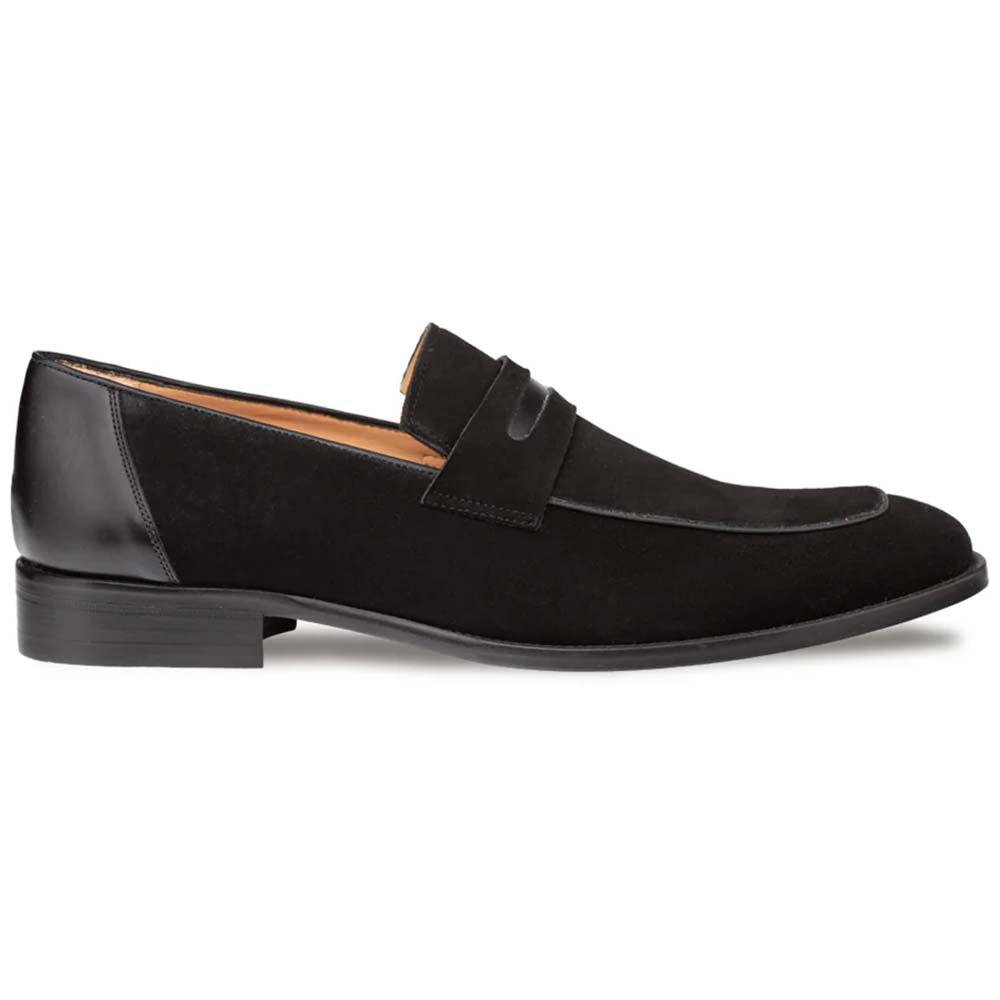 Mezlan Galeno Suede Penny Loafer Black (21247 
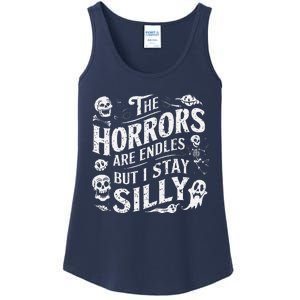 Stay Silly Goose Horrors Are Endless Funny Meme Ladies Essential Tank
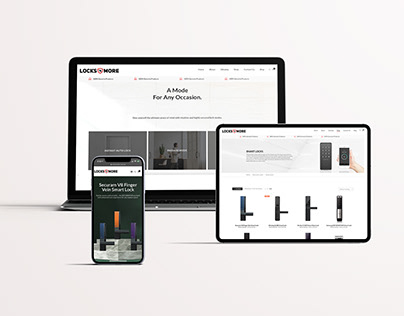 Locks 'N More — Website UI Design | Social Media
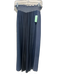 Pete & Greta Johnny Was Size S Mixed Blues Silk Elastic Waist Gradient Pants Mixed Blues / S
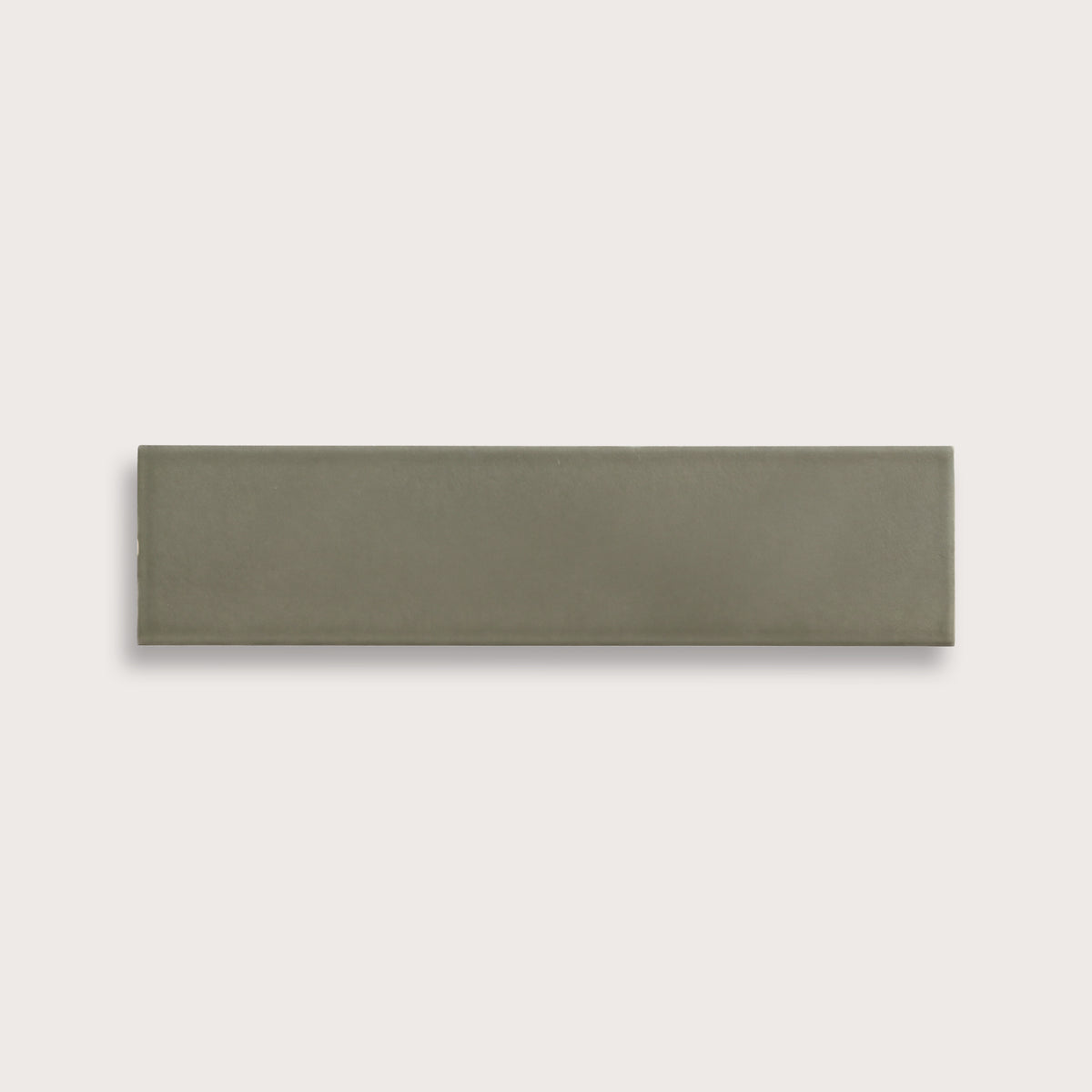 Moss ceramic tile, 3 by 12 inches, matte finish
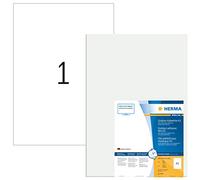 HERMA Etichette Impermeabili, 297 x 420 mm, Etichette Adesive A4 per Stampante, 1 Etichette per Foglio, Bianco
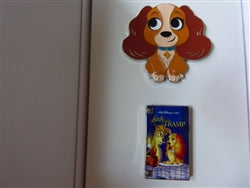 Disney Trading Pin 148732 DLR - Lady and the Tramp - VHS Set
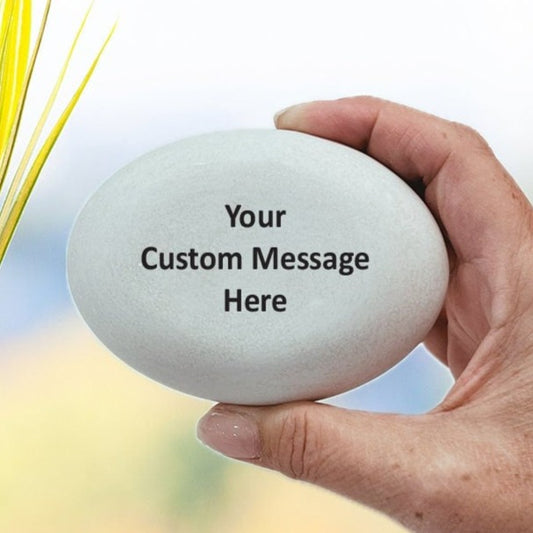 Custom Stone - Personalized Stone with Word or message - Custom Rock - Personalized Faux Stone - Custom Gift Stone - Custom Printed Stones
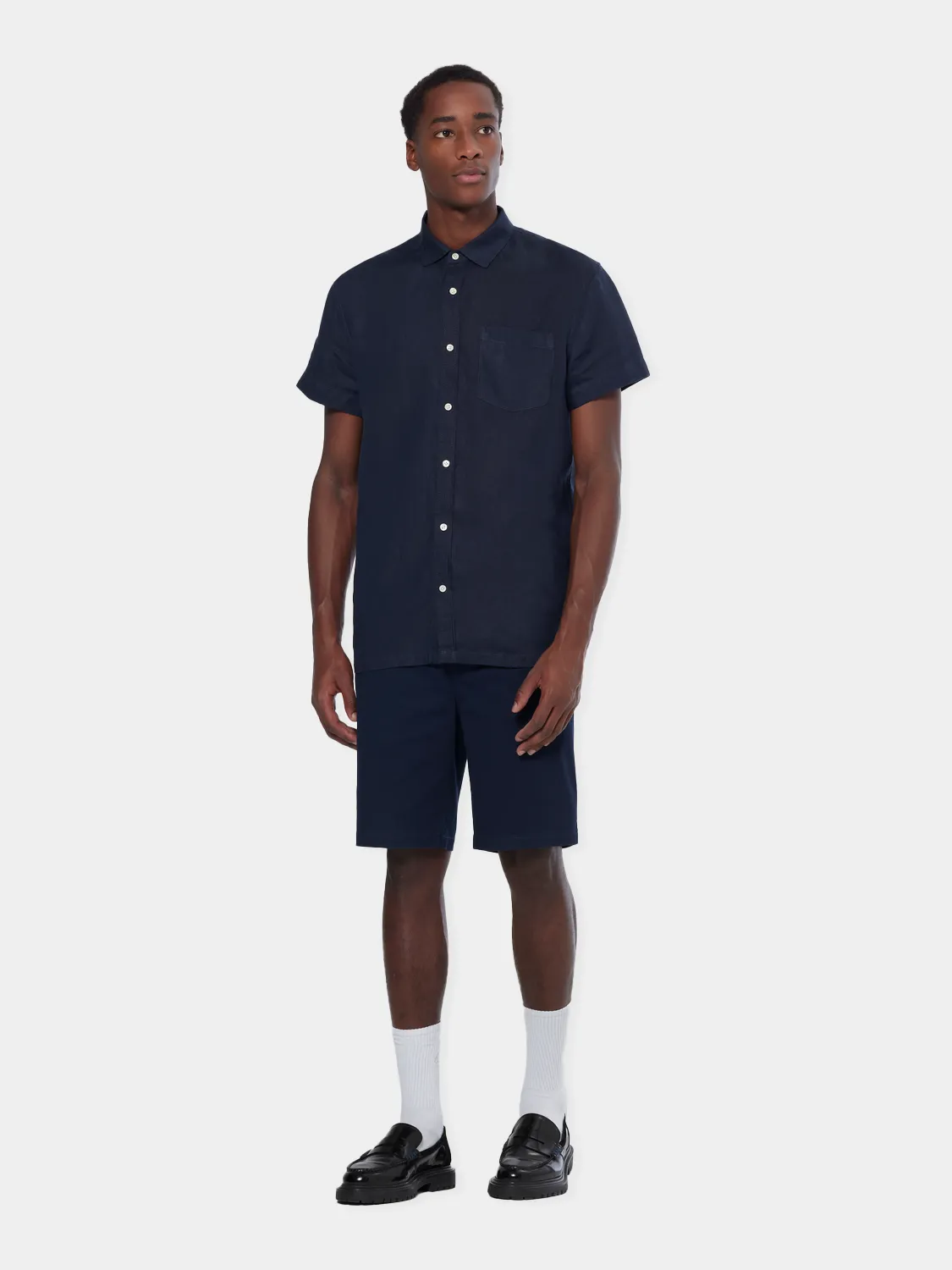 Short sleeved linen shirt sold by Scotch and Soda product image thumbnail 2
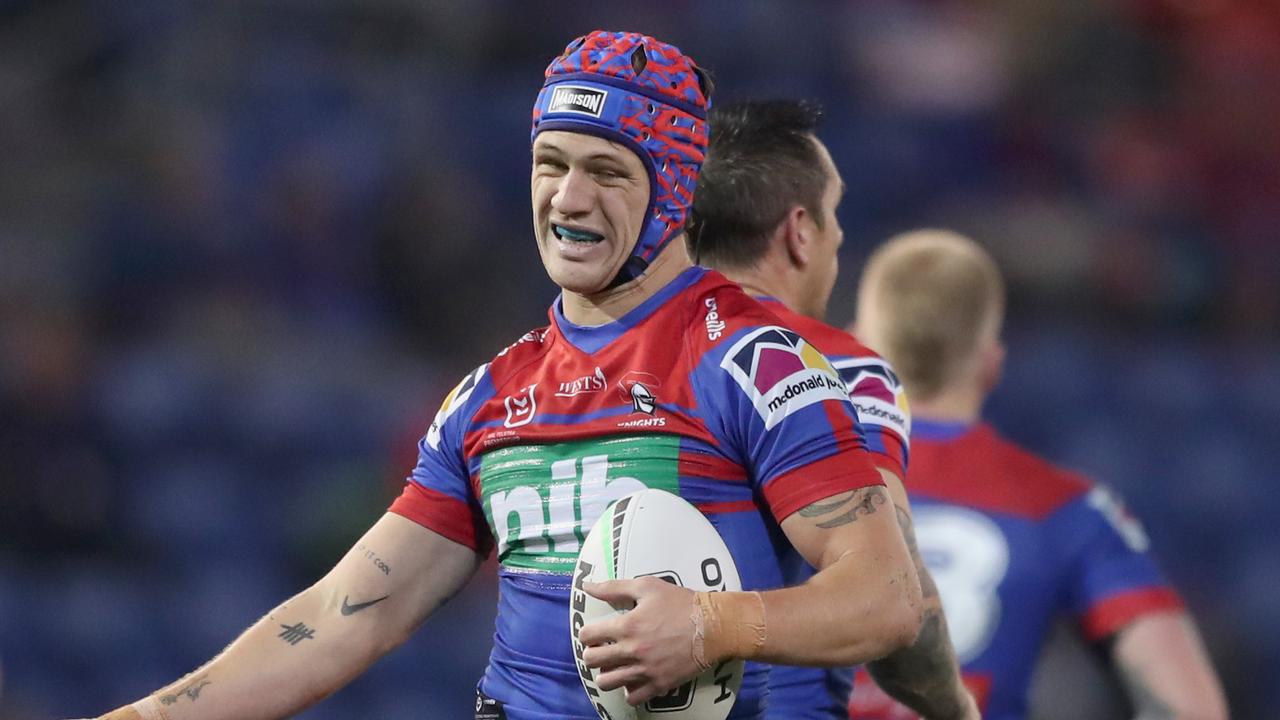 Kalyn Ponga of the Newcastle Knights had a stinker off the tee.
■ ■ ■ ■ ■
→ Prompt
Without including any pictures, reproduce the data exactly.

→ Task result
 Mezlan Galeno Suede Penny Loafer Black (21247 
 Stay Silly Goose Horrors Are Endless Funny Meme Ladies Essential Tank
 Locks 'N More — Website UI Design | Social Media
 Pete & Greta Johnny Was Size S Mixed Blues Silk Elastic Waist Gradient Pants Mixed Blues / S
 Moss ceramic tile, 3 by 12 inches, matte finish
 HERMA Etichette Impermeabili, 297 x 420 mm, Etichette Adesive A4 per Stampante, 1 Etichette per Foglio, Bianco
 Disney Trading Pin 148732 DLR - Lady and the Tramp - VHS Set
 Custom Stone - Personalized Stone with Word or message - Custom Rock - Personalized Faux Stone - Custom Gift Stone - Custom Printed Stones
 Short sleeved linen shirt sold by Scotch and Soda product image thumbnail 2
 Kalyn Ponga of the Newcastle Knights had a stinker off the tee.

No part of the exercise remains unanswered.